= Mario Perniola =

Italian philosopher (1941–2018)

Mario Perniola (20 May 1941 – 9 January 2018) was an Italian philosopher, professor of aesthetics and author. Many of his works have been published in English.

==Biography==
Mario Perniola was born in Asti, Piedmont. He studied philosophy under Luigi Pareyson at the University of Turin where he graduated in 1965. While he was reading philosophy in Turin, he met Gianni Vattimo and Umberto Eco, who all became prominent scholars of Pareyson's school. From 1966 to 1969 he was connected to the avant-garde Situationist International movement founded by Guy Debord with whom he kept on friendly terms for several years. He became a full professor of aesthetics at the University of Salerno in 1976 and then he moved to the University of Rome Tor Vergata, where he has been teaching since 1983. He was visiting professor invited to universities and research centres, such as Stanford University (United States), l’Ecole des Hautes Etudes en Sciences Sociales (Paris), University of Alberta (Canada), University of Kyoto (Japan), University of São Paulo (Brazil), University of Sydney, University of Melbourne (Australia), and the National University of Singapore. Perniola wrote many books which have been translated into English and other languages. He also directed the journals Agaragar (1971–73), Clinamen (1988–92), Estetica News (1988–95). In 2000 he founded Agalma. Rivista di Studi Culturali e di Estetica, a journal of cultural studies and aesthetics, which is published twice a year. The breadth, insight and many-faced contributions of Perniola's thought has earned him the reputation of being one of the most impressive figures on the contemporary philosophical scene.
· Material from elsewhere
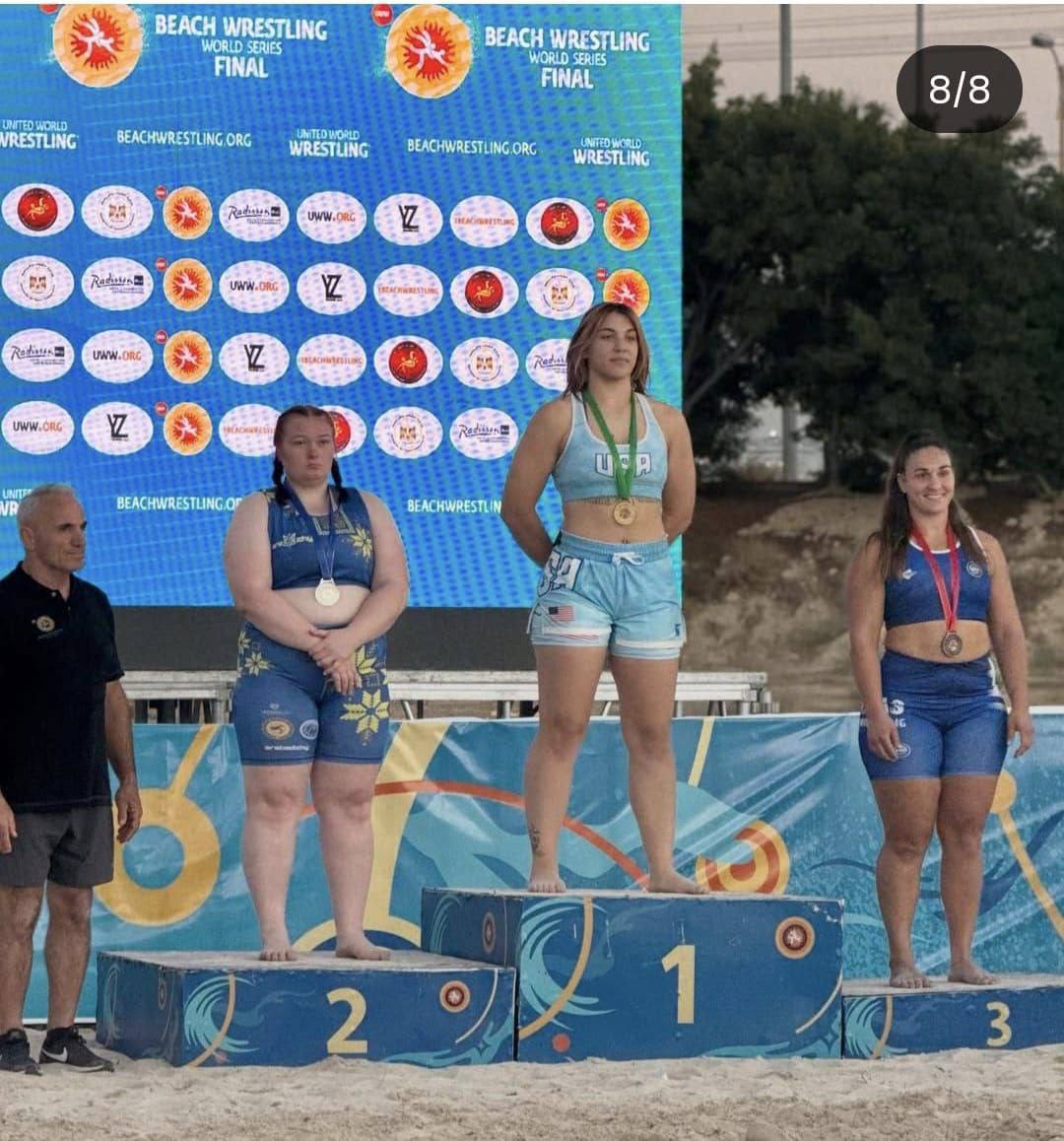 Церемонія нагородження на змаганнях з пляжної боротьби (Beach Wrestling World Series Final). Три спортсменки з медалями стоять на п'єдесталі переможців (№1, №2, №3) на піску. Переможниця (у центрі, №1, у блакитній формі з написом USA) стоїть на вищій сходинці. Зліва стоїть спортсменка, яка посіла друге місце (№2, у синій формі з жовтими елементами), а праворуч — третє місце (№3, у синій формі). Зліва на п'єдесталі стоїть чоловік у чорній футболці. На задньому плані видно великий екран з логотипами змагань та партнерів.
His book Miracoli e traumi della comunicazione (2009) (Miracles and Traumas of Communication) gained many awards amongst which the prestigious Premio De Sanctis. His wide-ranging activities involved formulating innovative philosophical theories, writing books, teaching aesthetics, and lecturing worldwide. He dedicated the rest of his time to his kindred and numerous friends, passing between his apartment-studio in Rome and his vacation home in a quaint town in the Alban Hills, southeast of Rome, where he died.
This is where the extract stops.